In Ironheart, Riri’s no longer the promising prodigy shaped by her Wakandan experience. She’s running illegal side hustles, building suits for personal gain, and aligning herself with criminals. She even kills someone in episode three after they learned she betrayed the leader of their gang by stealing a piece of their mystical hood. This isn’t the arc of a superhero. It’s a messy retcon that leaves her looking like a completely different person.
The justification from Marvel seems to be that this version of Riri is her inability to deal with her trauma. But trauma doesn’t explain the regression in her intelligence or maturity. If anything, it feels like an excuse to reframe her character with tired, damaging stereotypes.
When “Gritty” Becomes Just Plain Offensive
I’m not denying that flawed protagonists can’t be compelling. Tony Stark was narcissistic yet felt compelled to protect the world and make amends for his past. Deadpool is a wise-cracking sociopath who uses humor to cope with his pain. But Riri doesn’t get the same level of grace. Her flaws aren’t tempered by moments of vulnerability or redemption. They’re not balanced out with the kind of character development that makes you root for her.
Instead, the show leans into tropes that feel uncomfortably familiar.

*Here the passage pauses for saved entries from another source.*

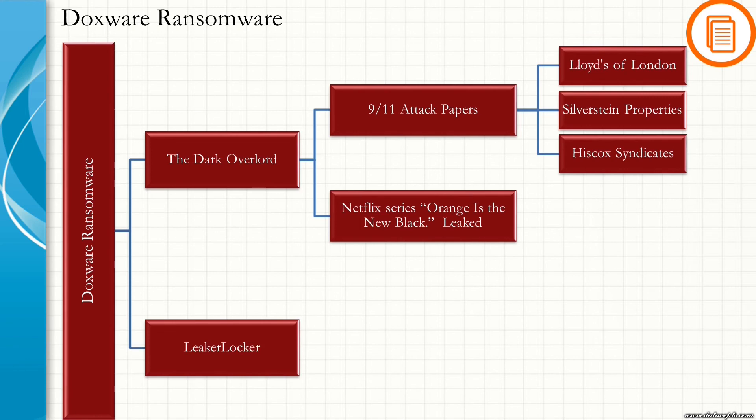Another example is Leaker Locker. Leaker Locker locks the home screen of the mobile phones. It gets installed on your mobile phones through fake apps on Google Play. It threatens to send your private pictures, messages, and internet browsing history to your friends in the contact list.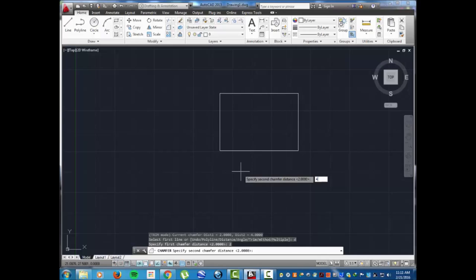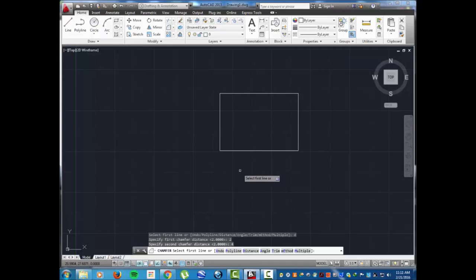Then it's gonna ask you for your first and second line where you want to chamfer on the rectangle.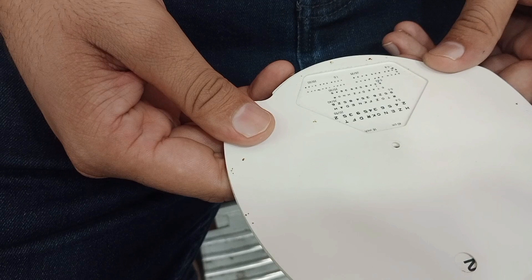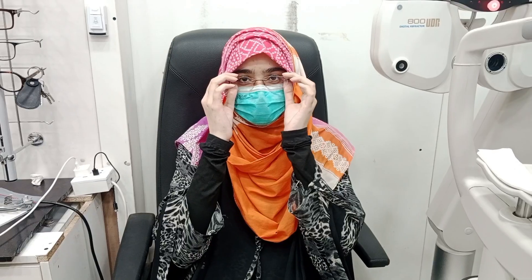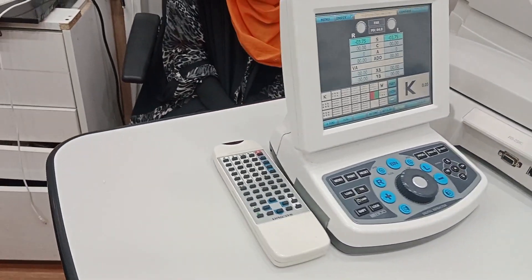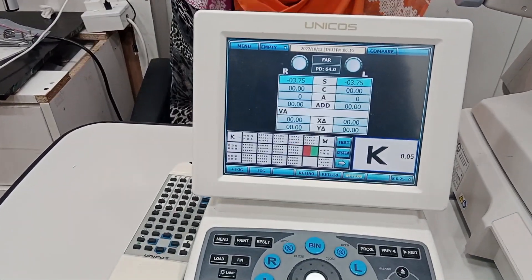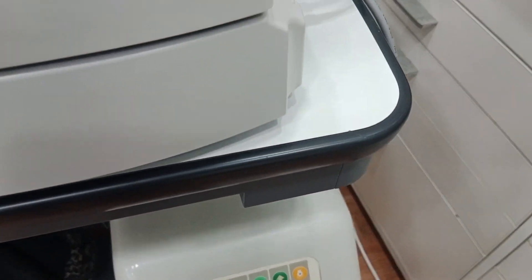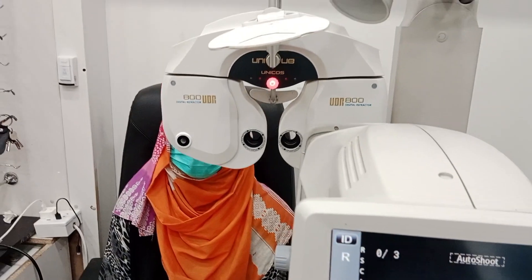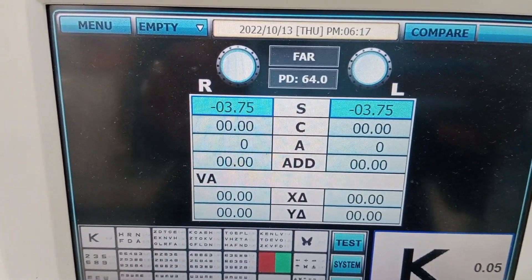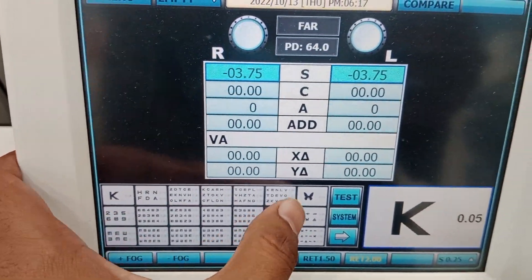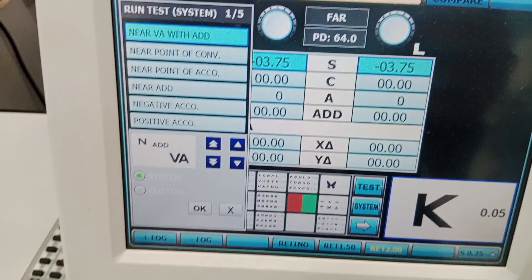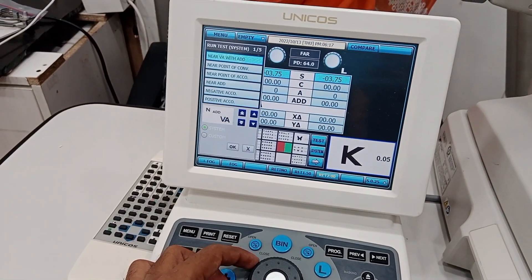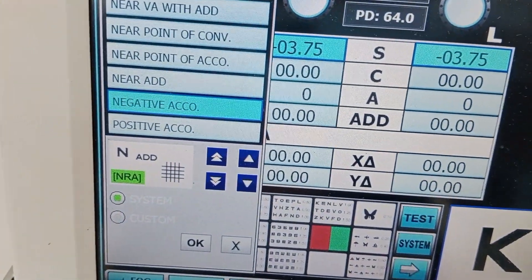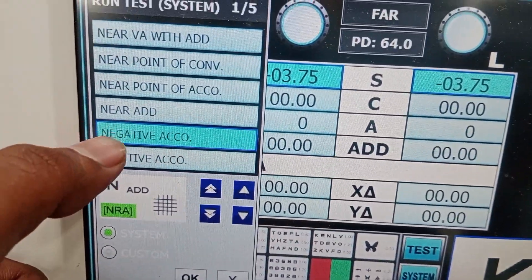The patient confirms the font is clear again at plus 2.50, so plus 2.50 is our NRA — the negative relative accommodation. We now repeat the same procedure using the phoropter. The patient's best corrected distance prescription is minus 3.75 in both eyes. We set the phoropter and find the negative relative accommodation test by rotating the knob.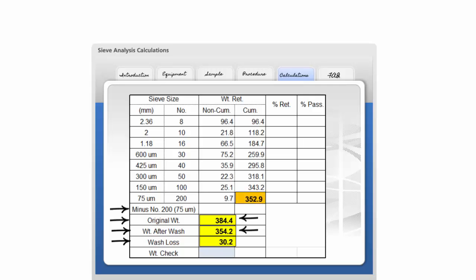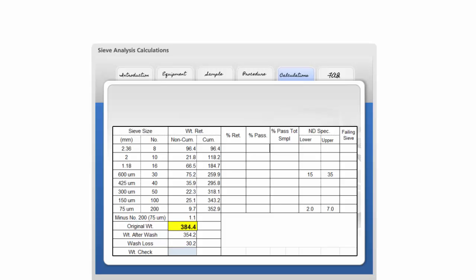Sum the cumulative weight on the number 200 sieve, the weight of the minus number 200 material or the material remaining in the pan, and the wash loss. Record this as the weight check. Compare the original weight to the weight check. Subtract the smaller value from the larger value, divide the result by the original weight, and multiply by 100 to obtain the percent difference. For acceptance purposes, the two must not differ by more than three tenths of a percent. If they differ by more than three tenths of a percent, the test is invalid and must be discarded.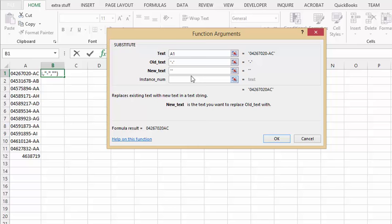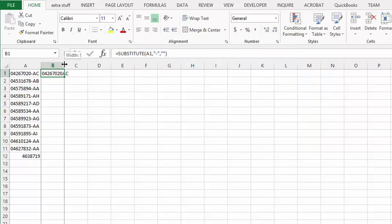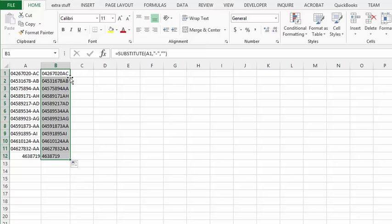Then I say okay. I'll just make this wider so we can see it, and then to go down the whole list you just double click on the square bracket. So that's how you remove dashes or other characters from your lists of data.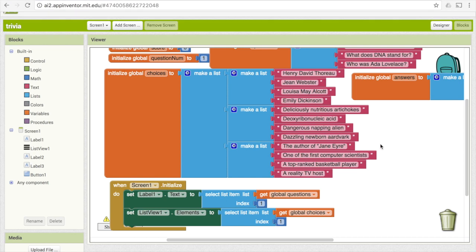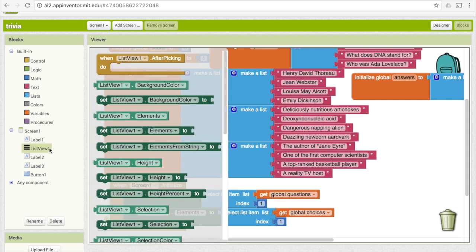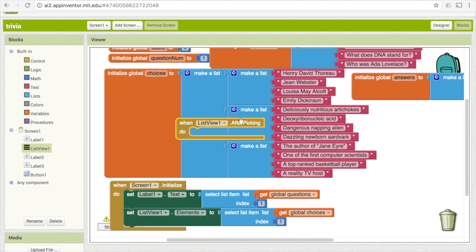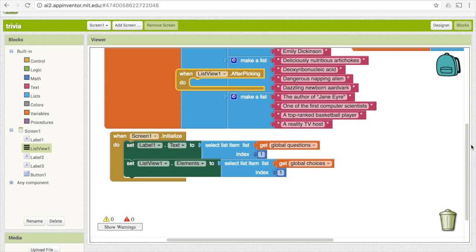Now that we've got the basics down, let's change our code so we can tell the user whether or not they got the question right. We want to give them feedback as soon as they select something from the list view. Go over to list view one — at the top there's 'when ListView1.AfterPicking,' which triggers as soon as the user picks something. That's what we want. Drag that down and scroll to the bottom so we have room.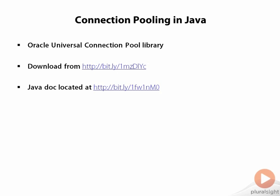I've also provided a link to the Javadoc for this library, so if there are other aspects of the library you are interested in, you can review the documentation provided by Oracle.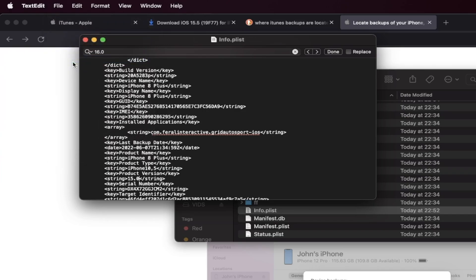And once you've done this, click on the File and then click on Save. Now of course, if you're watching on Windows, the process to find the stuff may be slightly different. But just find 16.0, change it to 15.0 and then save the file.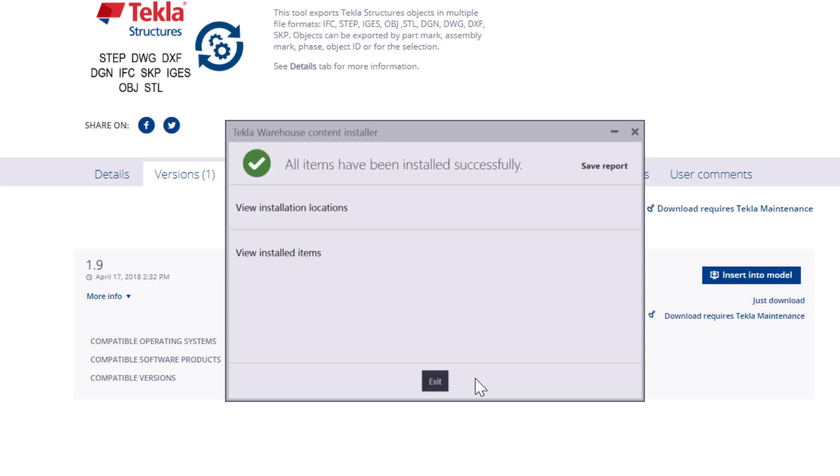When the installation is ready, you can view which items were installed, and where you can find them in Tekla Structures. After doing so, you can click Exit and start using the newly installed content in Tekla Structures right away.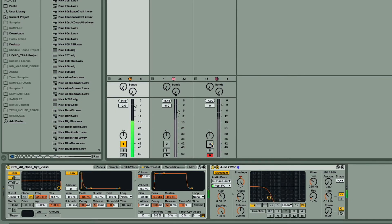So I'll mute the kick, as we don't want to hear that, and now I can play around with the filter to get it sounding right, adjusting the envelope amount and the attack and release.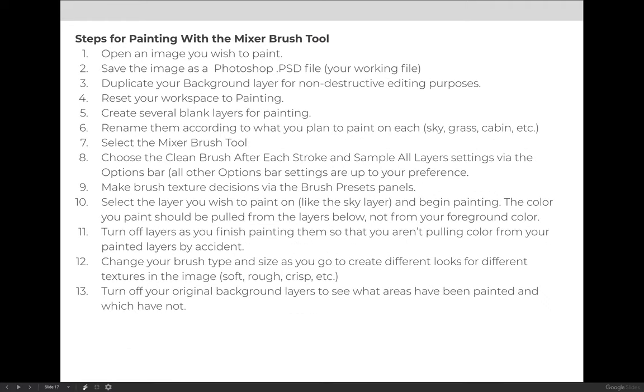Quickly to review the steps for the mixer brush tool, we're going to paint over an image. Make sure that you open an image that you have the copyright for or that is open license for you to work in. Do not just grab any image off the internet. Save it as a Photoshop file and duplicate the background for non-destructive editing purposes. I would reset your workspace to painting and then I would create several blank layers that your painting will be applied to.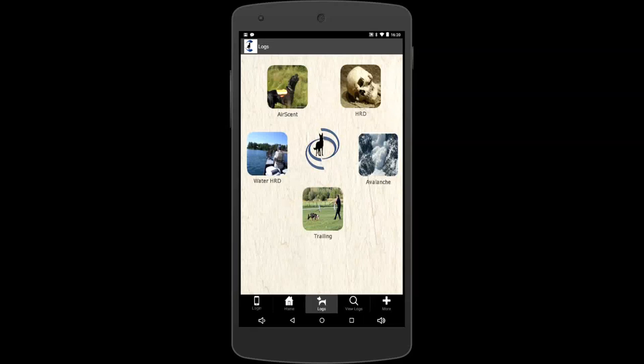Welcome to our training session on SAR logs. Today we're going to teach you how to use your training log. We're going to assume that you've already created your account and you went to the bottom of the page and tapped the little dog icon and you're in the log section. So today we're going over trailing logs.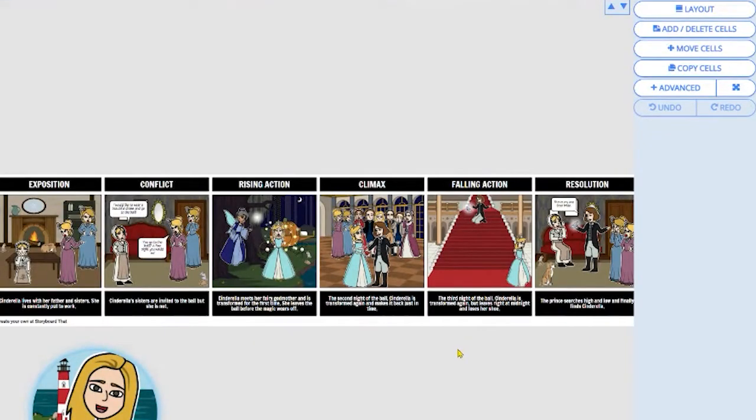Hello and welcome to Storyboard That. My name is Leanne and today I'm going to show you how to change the layout of your storyboard.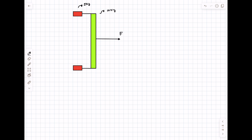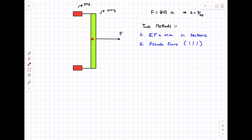Now let's analyze the second case. An external force F is acting on the system, so the system accelerates. We can write F = 20a (total mass = 10 + 5 + 5 = 20 kg), giving acceleration a = F/20. One approach is to apply pseudo-forces: the pseudo-force on each 5 kg block is 5 × F/20 = F/4 opposite to the acceleration, and the pseudo-force on the rod's center of mass is F/2 in the forward direction.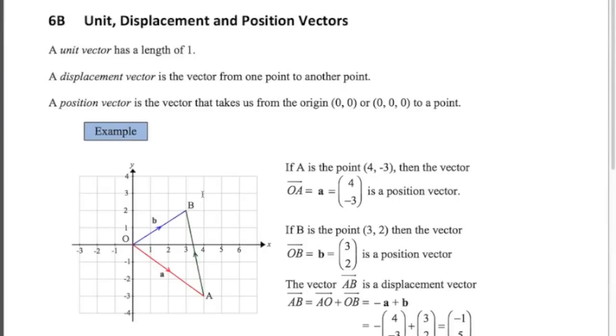Hi there, welcome along to the second video in the vector series for P1 Maths. In this video we're going to be talking about unit displacement and position vectors.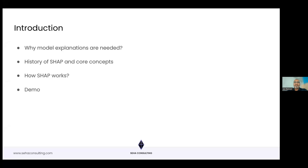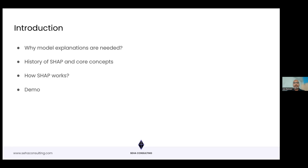Today we're going to cover why model explanations are needed — the purpose and the need. We'll introduce the concept of SHAP, its history, and the key concepts behind it. We'll give a high-level overview of how SHAP works without going too deep into the math. Then we'll do a demo covering two use cases: a tabular data implementation and an image data implementation showing how SHAP can explain predictions on top of image data.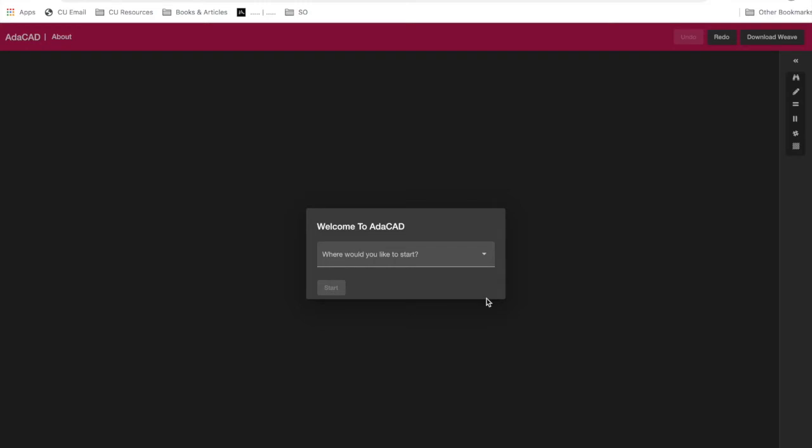Hello, this video is intended to show you how to use AdaCAD, which is an online tool for building woven drafts, specifically woven drafts for frame looms or floor looms, as well as jacquard looms.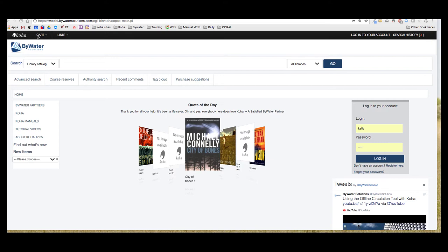Now the cart feature is very unique because you do not need to be logged into your library account to use it. Picture this as maybe a shopping basket as you walk through the library that will help you find the books you're looking for. This is just a temporary location to store books that you possibly want to check out.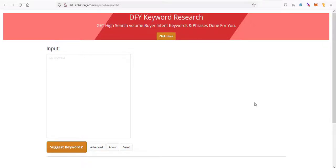Hi guys, Abz here and welcome to this video. In this video, I'm going to be showing you how you can use this keyword research software to get long tail keywords from Google free of charge.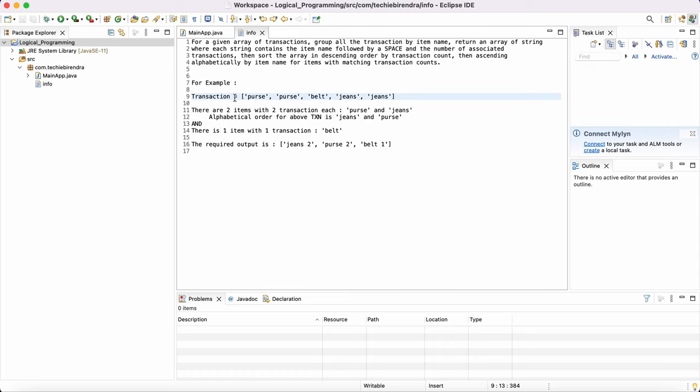So that is nothing but one kind of transactions. So they are saying they have given the array of transactions, right?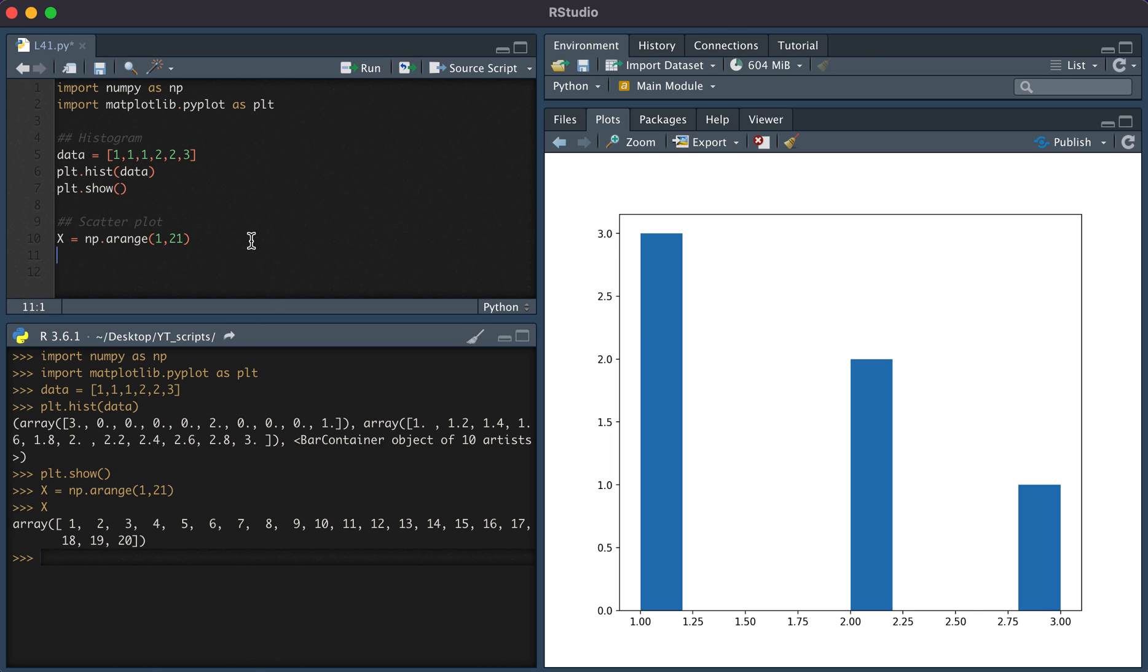And let's say the y variable is equal to the x variable plus some random noise.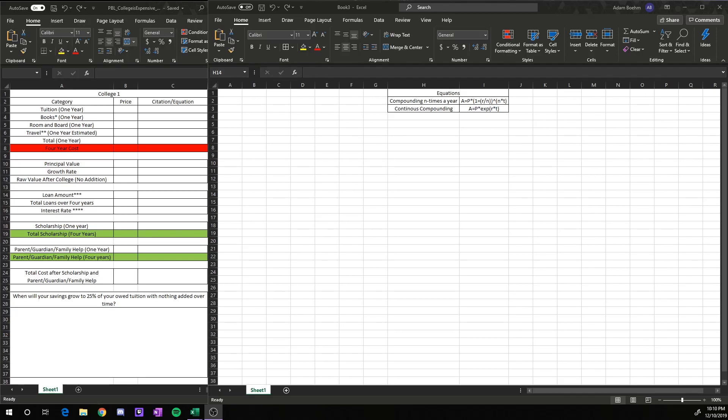In this video, I want to talk about using Excel in reference to this project that you have. There are a couple of things I want to go over. The first is format. The second is using different equations. And then the third is adding some fixed amount per month and then letting that grow.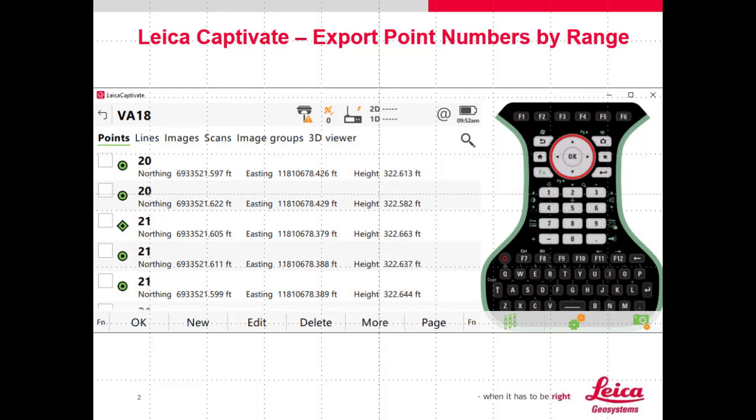In this video, I'm going to show you how to fix an issue that might arise from Leica Captivate in exporting your points.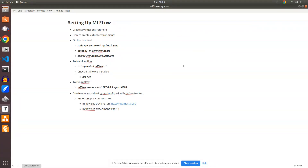Hey everyone, this is Mayur, welcome back to MLworks. In today's video we'll be discussing one of the most important topics in terms of MLOps role or machine learning role. What we'll do in this video is set up MLflow, register the model to the MLflow registry, and look at how to manage those experiments. So with that, let's get started.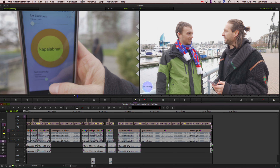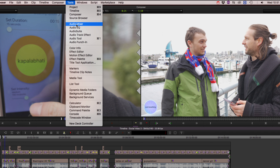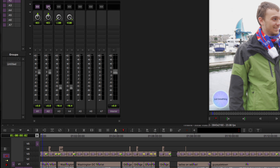So the first thing I'm going to do is open up my audio mixer — Tools > Audio Mixer. I'm going to be changing the levels on my dialogue, which is on A1 and A2, but if you have music tracks or sound effects you can change the levels on there as well. I'm going to group these two and bring it down to negative four.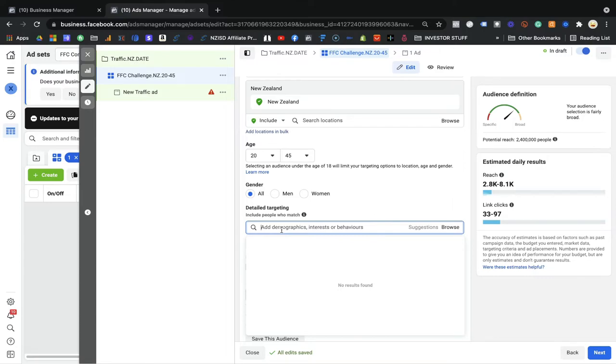In the detailed targeting option, we are going to find our cold audience. As I mentioned on Day 5, there is cold audience, hot audience, warm audience, and lookalike audience. Here we are going to find our cold audience based on our product. What you need to do is take a piece of paper and a pen and write down some interests people might have related to your business.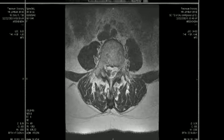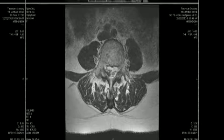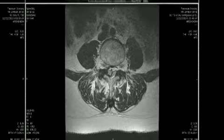If we try to follow the L5 nerve root back to the thecal sac, we can see it is being compressed by the mass. This raises the question of what accounts for the low signal intensity around the periphery of the mass.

She’s shown growing up around crime and poverty, hustling for cash, losing loved ones, and pushing away anyone who tries to help her. These aren’t inherently bad storytelling elements but when they’re used without nuance, they risk reducing a promising Black heroine to a stereotype. The angry, traumatized girl from the “wrong side of the tracks.”
Worse, the show plays this against her intelligence. Riri got into MIT and yet, we’re supposed to believe she makes one impulsive, borderline idiotic decision after another? That’s not complexity. That’s lazy writing that chips away at the core of what made Riri such a powerful presence in the first place: her brain.
Another Missed Opportunity
Marvel had another opportunity to center a young, intelligent Black woman in the world of where she uses her brilliance to help others. And once again they blew it by giving us a six-episode miniseries that can’t decide who Riri is or why we should care.
There’s still time for a turnaround. We’re already halfway through the series, but it feels unlikely that Marvel can fix this mess in a way that feels believable.
This was supposed to be about her following in the footsteps of Tony Stark while carving out a space of her own. But instead, Riri is sinking further into a muddled, directionless story that does her no favors. This isn’t just a creative misfire. It’s a failure to recognize the weight and importance of telling stories about characters like Riri with care, depth, and respect.
I can only hope that the next time Marvel creates a series centered on a woman of color, they remember what makes heroes compelling. It’s not just their pain that makes them fascinating, but it’s their power and the ability to grow into something greater than what they are right now.